Breaking Borders: Non-Resident Executives in Brazil

Finocchio & Ustra Sociedade de Advogados | View firm profile

Brazilian Federal Law 14.195/21 (known as the “Business Environment Law”) was enacted to streamline and diminish bureaucracy in Brazil’s business environment. This regulation stems from the conversion of Provisional Measure No. 1.040/2021 into law, with the objective of elevating Brazil’s standing in the World Bank’s “Doing Business” ranking.

This regulation permits non-resident foreigners to hold management positions in limited liability companies and corporations in Brazil.

Before the enactment of such Law, only residents in Brazil were eligible to occupy these management roles, with the exception of board non-resident members, who already needed to appoint a legal representative domiciled in Brazil. The updated legislation now expands this authorization to encompass officers in corporations and/or directors in limited liability companies.

The Business Environment Law brought the amendment to Article 146, paragraph 2 of Corporate Law (Law No 6404/76) to eliminate the residency requirement for corporation’s officers in Brazil. Instead, the aforementioned article sets forth that a foreign officer must appoint a local legal representative in Brazil empowered to receive legal summons and notification for three years following the conclusion of their management term.

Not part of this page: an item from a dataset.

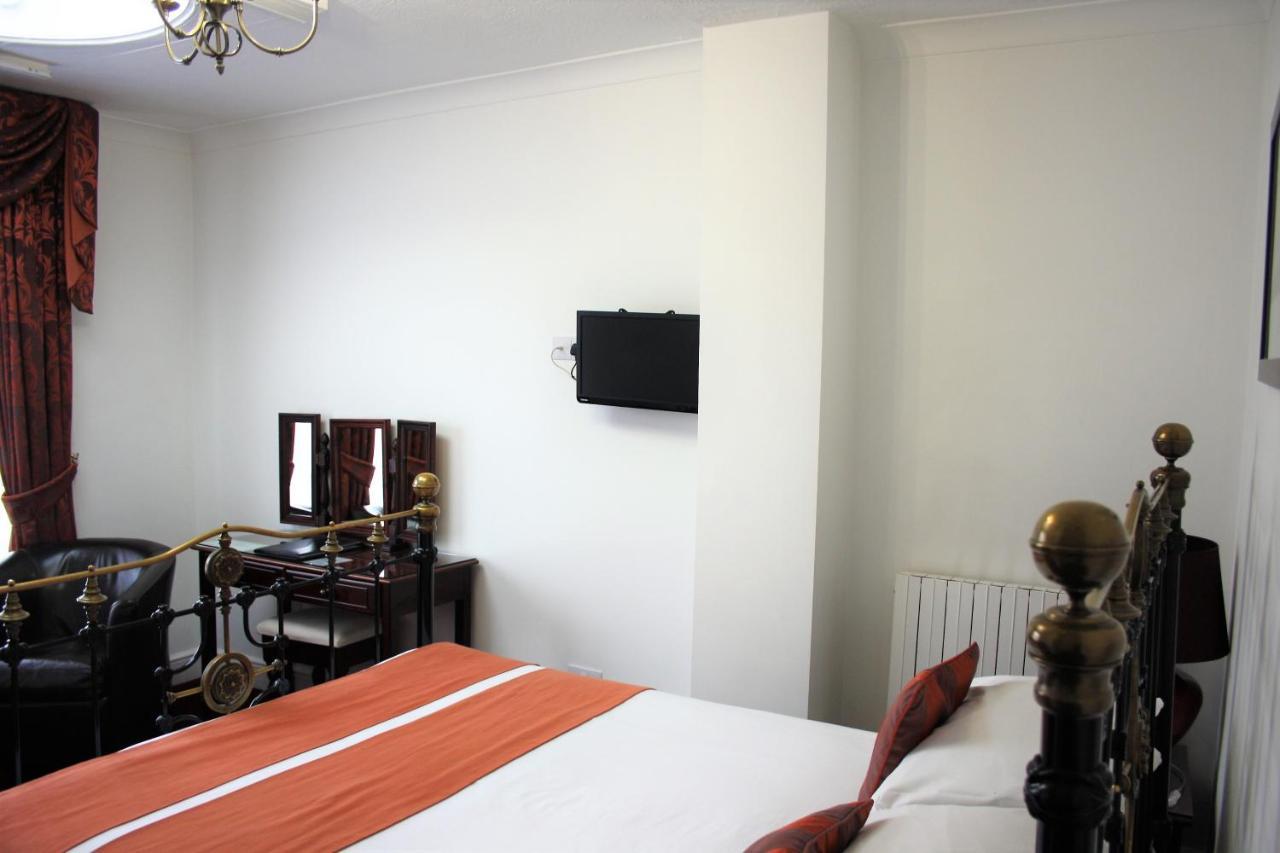 Thanington Hotel كانتربيري المظهر الخارجي الصورة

This initiative seeks to streamline the inflow of foreign capital and enhance the involvement of international companies in the Brazilian market by reducing bureaucratic processes.

Concerning to limited liability companies, the regulation came into effect under Normative Ruling No. 112/2022 of the Business Registration Manual (issued by National Department of Business Registration and Integration – DREI). This regulation, aligned with the recent legislative amendments, implemented a modification to DREI Normative Ruling No. 81. DREI revised the provisions concerning the foreign residency of the director in the limited company, converting the previous legal restriction into a clear regulatory endorsement.

Therefore, in order to the appointment of a non-resident officer/director be deemed valid, it is essential to address the practical challenges faced by companies, embracing the innovation introduced by the Business Environment Law:

  1. Issue of the Brazilian Individual Taxpayer’s Registry (CPF)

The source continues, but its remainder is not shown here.